Here's when to expect Snap ‘Buy’ recommendations

Snap got early “sell” ratings. Lucy Nicholson/Reuters
Snap got early “sell” ratings. Lucy Nicholson/Reuters

Snap (SNAP) went public on March 2. The few analysts who had weighed in on the stock had nothing but cautious things to say, issuing only “sell” and “hold” ratings.

But don’t be surprised to see more optimistic ratings 25 days after the IPO date, which is when analysts from larger banks are expected to release ratings of their own.

Conflicts and the blackout period

Major Wall Street banks often do business with the very companies their analysts are covering, creating a potential conflict of interest that could result in these higher ratings.
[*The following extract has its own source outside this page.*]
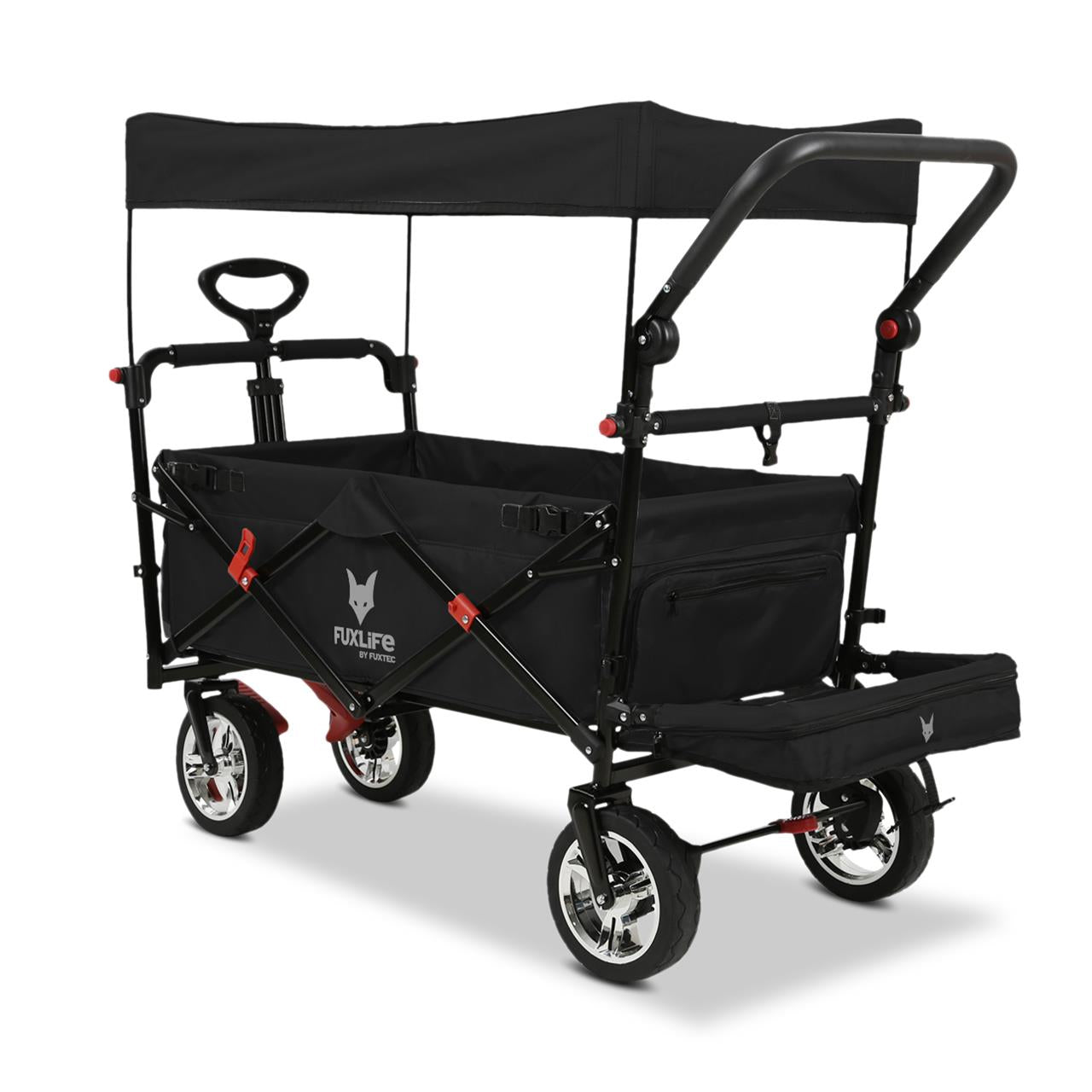 B-Ware FUXTEC Bollerwagen FX-CT800 mit UV-geschütztem Sonnendach,Schiebegriff & Innenraumverlängerung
Furthermore, the potential conflicts are exacerbated because these analysts need access to the companies they’re covering and they might get shut out if they issue a “sell rating.”

When it comes to initial public offerings, analysts who weigh in with ratings fall into two buckets: those from independent research firms or smaller banks like Morningstar and Susquehanna, and those from larger institutions like Morgan Stanley (MS) and Goldman Sachs (GS). Because independent firms and smaller banks are usually unaffiliated with the companies their analysts weigh in on (in this case, Snap), they’re more free of conflicts and they can issue reports whenever they please, which is why we’ve already seen at least seven ratings trickle out.
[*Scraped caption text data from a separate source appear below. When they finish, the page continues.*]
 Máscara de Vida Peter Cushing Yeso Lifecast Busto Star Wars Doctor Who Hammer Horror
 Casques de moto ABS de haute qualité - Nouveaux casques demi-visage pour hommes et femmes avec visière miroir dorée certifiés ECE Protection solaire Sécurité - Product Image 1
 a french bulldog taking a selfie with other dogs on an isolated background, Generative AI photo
With larger institutions, however, the situation becomes trickier because of the potential conflicts of interest. In this case, Goldman Sachs, Morgan Stanley, JPMorgan Chase (JPM) and Deutsche Bank (DB) have a vested interest in Snap, having been involved in Snap’s IPO.

These banks made millions from Snap’s Wall Street debut but also plan on having their analysts issue “buy,” “sell” or “hold” ratings on the stock 25 days or so after the the IPO date. The big banks haven’t been legally required to adhere to this “quiet period” for emerging-growth companies since the JOBS Act passed in 2012, but they often wait for 25 days to avoid potential lawsuits from other investors or outside parties alleging conflicts of interest.

CEO to analyst: “I’m not going to answer you”

However, these conflicts may still exist. The banks would argue they do not, due to firewalls established between the research departments and banking divisions of Wall Street firms, intended to prevent this very sort of thing from happening. But reality can play out differently.

“When affiliated analysts are allowed unfettered access to a company, they’re more likely to have more optimistic ratings,” explained Matthew Gustafson, assistant professor of finance at Pennsylvania State University.